Directions for this task —
The required output is an exact copy of the lines from the one containing "Apartament ultracentral, langa Casa Darvas" through the end of the entries below, with pictures removed.

--- Data supplied ---

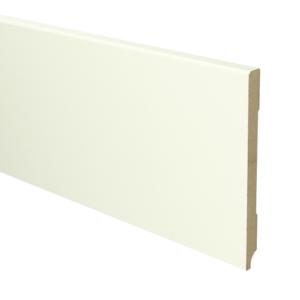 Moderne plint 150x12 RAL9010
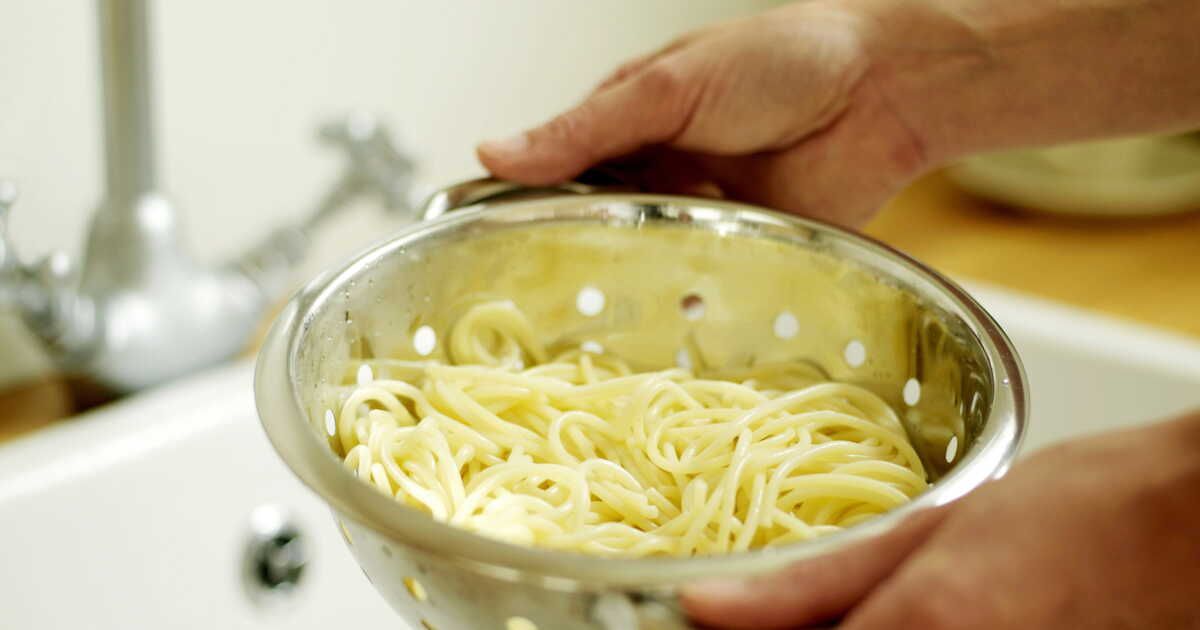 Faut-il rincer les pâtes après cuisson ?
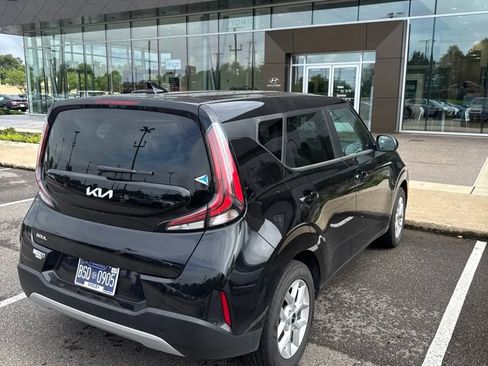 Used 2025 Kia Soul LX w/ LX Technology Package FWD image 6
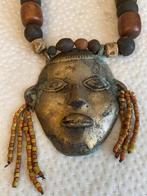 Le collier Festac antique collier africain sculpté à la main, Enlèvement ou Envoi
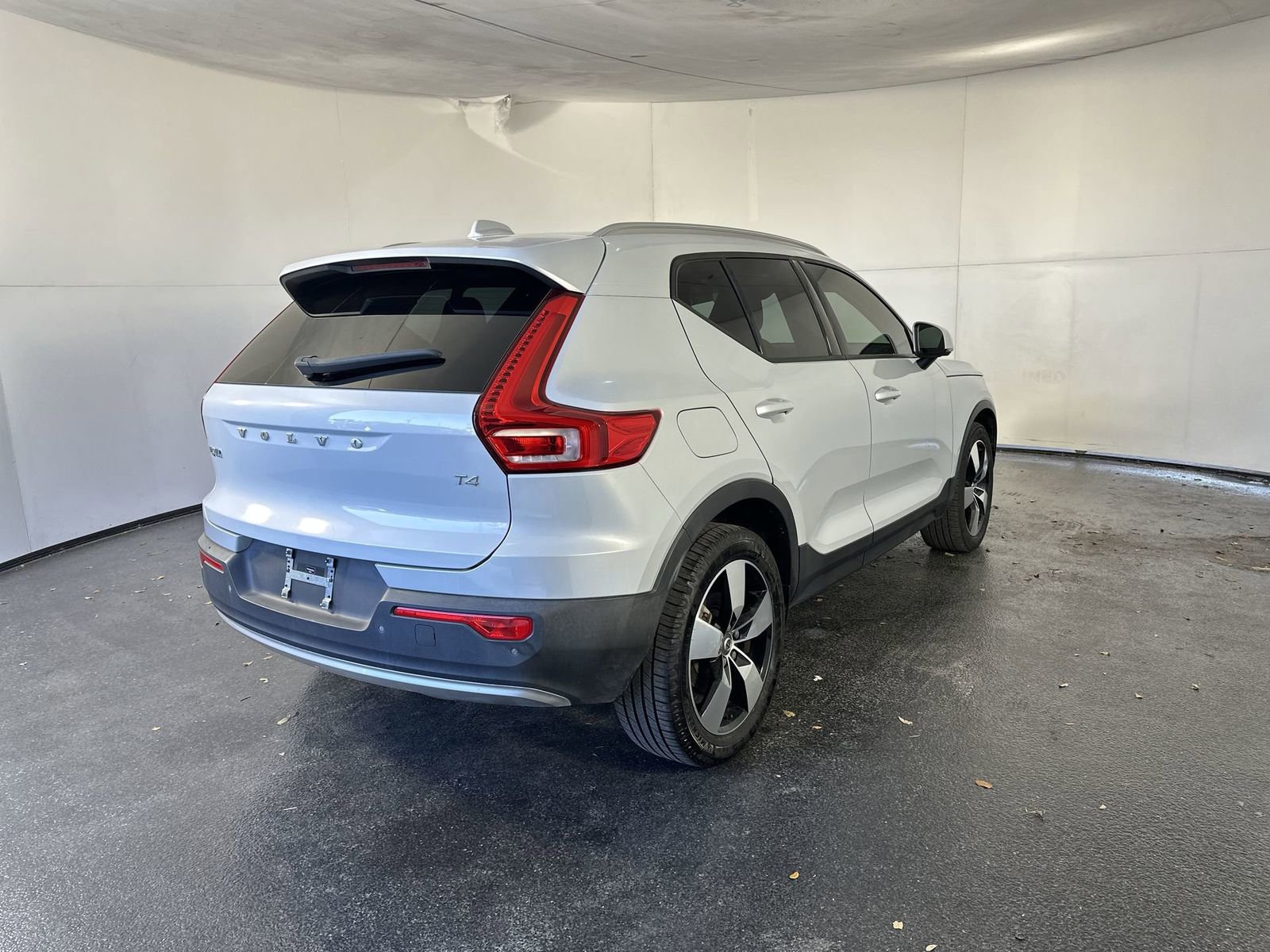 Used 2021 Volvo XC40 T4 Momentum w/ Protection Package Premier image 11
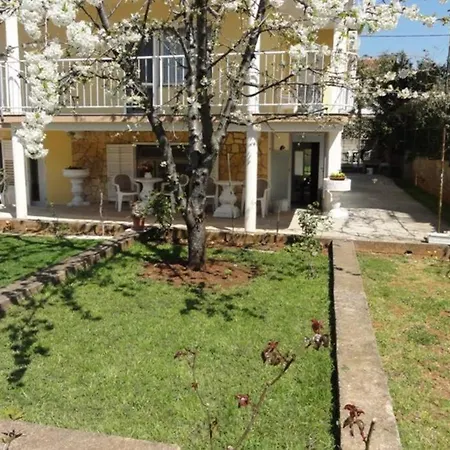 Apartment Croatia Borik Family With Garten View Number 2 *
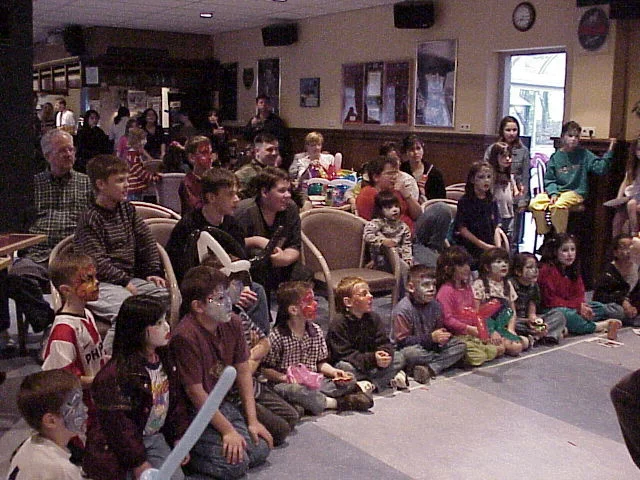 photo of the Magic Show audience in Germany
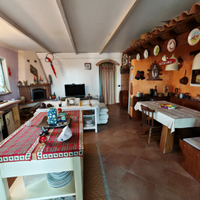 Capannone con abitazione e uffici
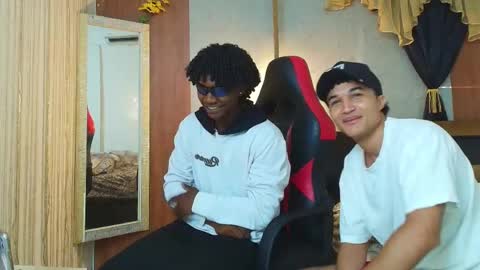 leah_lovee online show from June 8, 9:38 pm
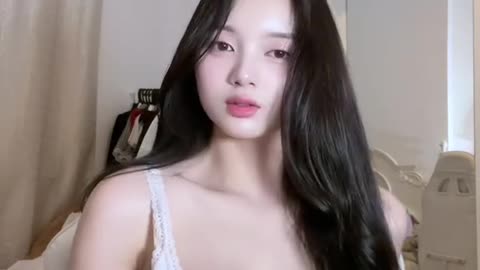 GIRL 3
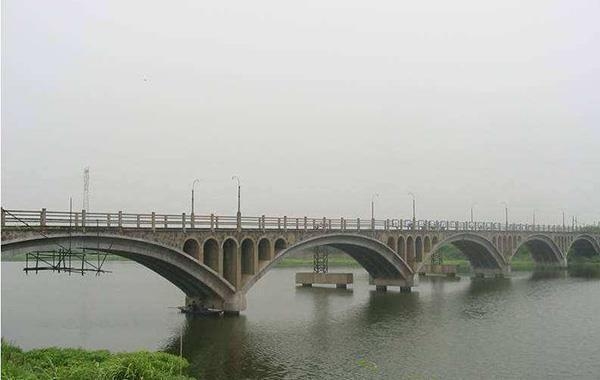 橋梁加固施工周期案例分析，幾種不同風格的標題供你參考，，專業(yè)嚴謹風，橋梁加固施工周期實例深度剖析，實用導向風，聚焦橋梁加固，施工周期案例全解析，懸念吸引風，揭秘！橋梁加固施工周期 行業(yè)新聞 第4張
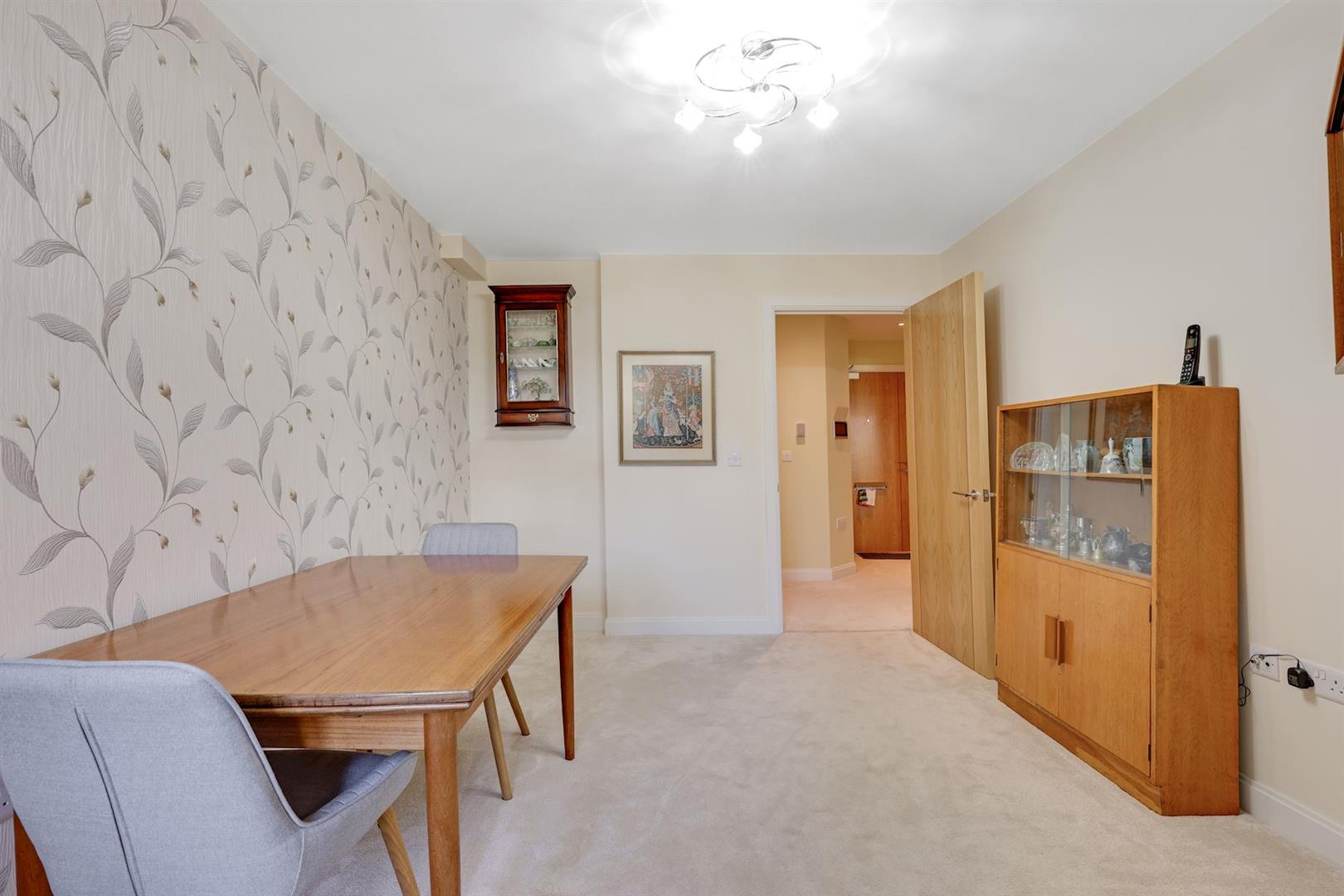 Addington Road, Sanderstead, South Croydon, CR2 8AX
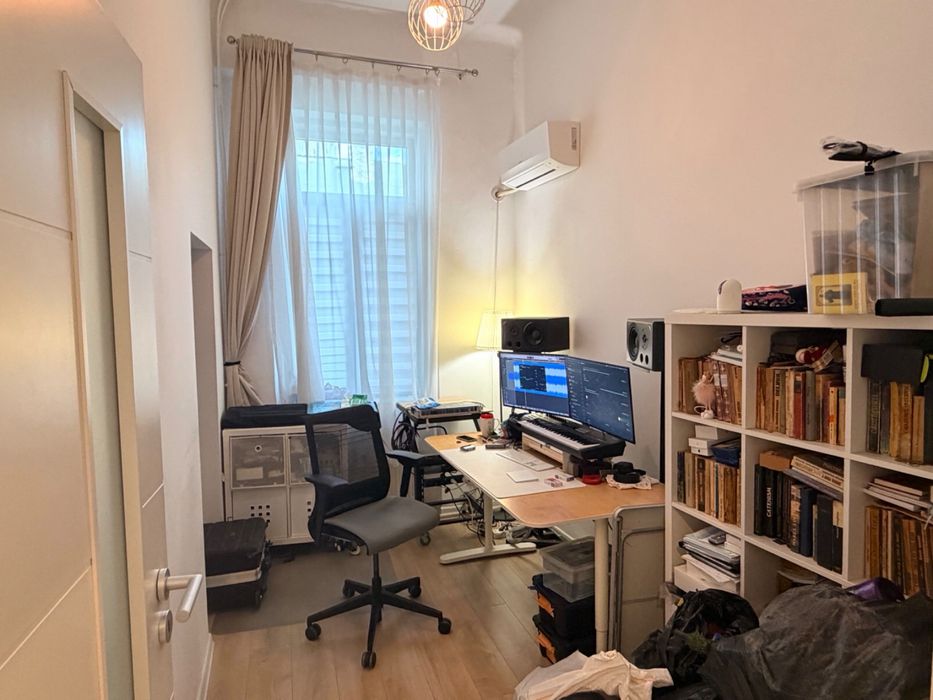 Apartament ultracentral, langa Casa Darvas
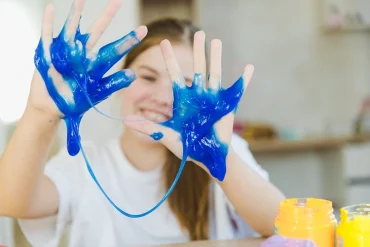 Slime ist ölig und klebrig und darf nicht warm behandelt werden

---

Response below —
 Apartament ultracentral, langa Casa Darvas
 Slime ist ölig und klebrig und darf nicht warm behandelt werden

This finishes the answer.